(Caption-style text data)
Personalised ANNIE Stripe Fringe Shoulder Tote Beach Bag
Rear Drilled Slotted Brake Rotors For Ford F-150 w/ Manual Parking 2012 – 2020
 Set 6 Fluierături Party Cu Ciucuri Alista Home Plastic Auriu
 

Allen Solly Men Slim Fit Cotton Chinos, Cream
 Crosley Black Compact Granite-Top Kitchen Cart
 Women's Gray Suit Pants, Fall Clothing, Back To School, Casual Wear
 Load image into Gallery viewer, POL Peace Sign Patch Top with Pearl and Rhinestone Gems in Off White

Task instructions:
The line with "Women's Gray Suit" and all lines after it through the end of the data above: write these out exactly and add nothing.

Solved problem:
 Women's Gray Suit Pants, Fall Clothing, Back To School, Casual Wear
 Load image into Gallery viewer, POL Peace Sign Patch Top with Pearl and Rhinestone Gems in Off White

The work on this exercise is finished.